To step on board a steamer in a Spanish port, and
three hours later to land in a country without
a guide-book, is a sensation to rouse the hunger
of the repletest sight-seer.
The sensation is attainable by any one who will take
the trouble to row out into the harbour of Algeciras
and scramble onto a little black boat headed across
the straits. Hardly has the rock of Gibraltar
turned to cloud when one’s foot is on the soil
of an almost unknown Africa. Tangier, indeed,
is in the guide-books; but, cuckoo-like, it has had
to lays its eggs in strange nests, and the traveller
who wants to find out about it must acquire a work
dealing with some other country—Spain or
Portugal or Algeria. There is no guide-book to
Morocco, and no way of knowing, once one has left
Tangier behind, where the long trail over the Rif
is going to land one, in the sense understood by any
one accustomed to European certainties. The air
of the unforeseen blows on one from the roadless passes
of the Atlas.
This feeling of adventure is heightened by the contrast
between Tangier—cosmopolitan, frowsy, familiar
Tangier, that every tourist has visited for the last
forty years—and the vast unknown just beyond.

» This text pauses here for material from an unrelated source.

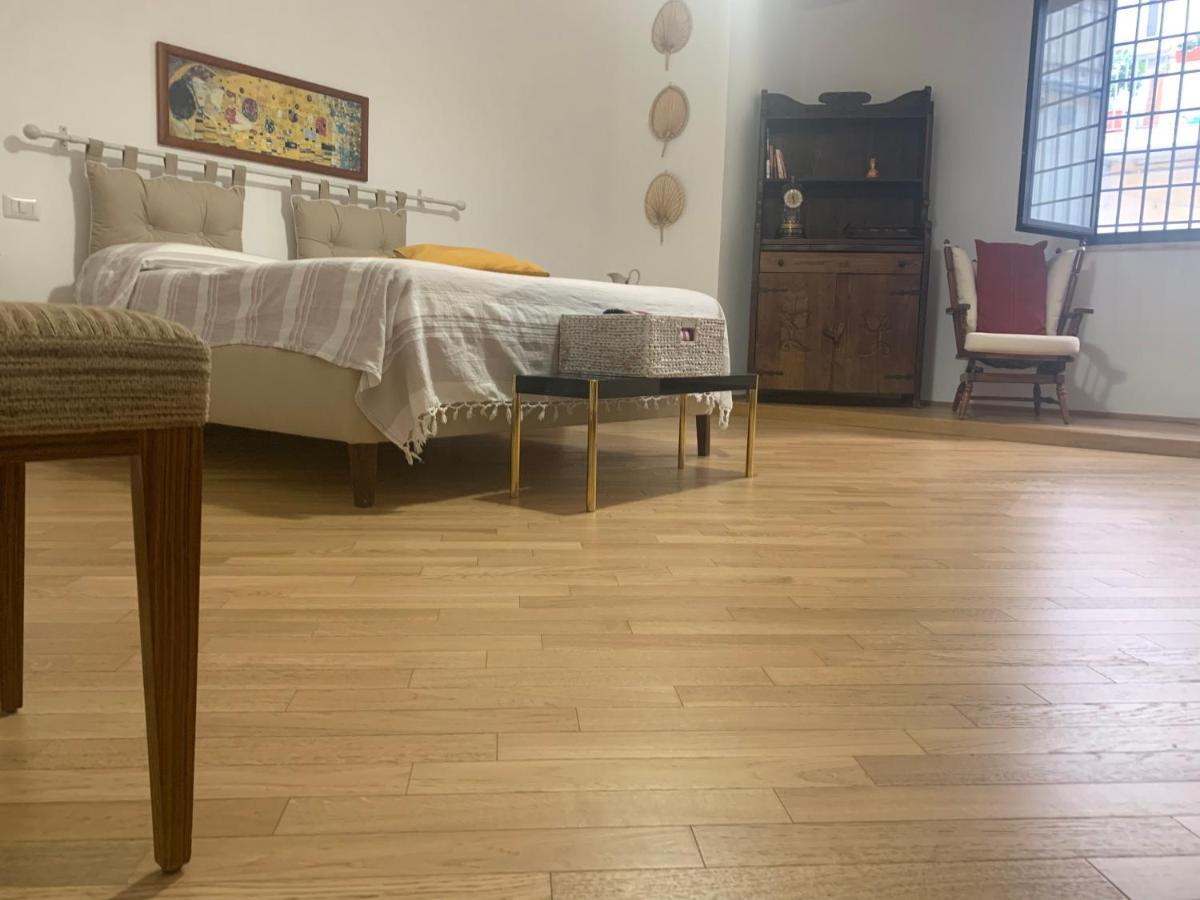 Apartament Interno5 Bari Zewnętrze zdjęcie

One has met, of course, travellers who have been to
Fez; but they have gone there on special missions,
under escort, mysteriously, perhaps perilously; the
expedition has seemed, till lately, a considerable
affair. And when one opens the records of Moroccan
travellers written within the last twenty years, how
many, even of the most adventurous, are found to have
gone beyond Fez? And what, to this day, do the
names of Meknez and Marrakech, of Mogador, Saffi or
Rabat, signify to any but a few students of political
history, a few explorers and naturalists? Not
till within the last year has Morocco been open to
travel from Tangier to the Great Atlas, and from Moulay
Idriss to the Atlantic. Three years ago Christians
were being massacred in the streets of Sale, the pirate
town across the river from Rabat, and two years ago
no European had been allowed to enter the Sacred City
of Moulay Idriss, the burial-place of the lawful descendant
of Ali, founder of the Idrissite dynasty. Now,
thanks to the energy and the imagination of one of
the greatest of colonial administrators, the country,
at least in the French zone, is as safe and open as
the opposite shore of Spain. All that remains
is to tell the traveller how to find his way about
it.
Ten years ago there was not a wheeled vehicle in Morocco,
now its thousands of miles of trail, and its hundreds
of miles of firm French roads, are travelled by countless
carts, omnibuses and motor-vehicles. There are
light railways from Rabat to Fez in the west, and to
a point about eighty-five kilometres from Marrakech
in the south, and it is possible to say that within
a year a regular railway system will connect eastern
Morocco with western Algeria, and the ports of Tangier
and Casablanca with the principal points of the interior.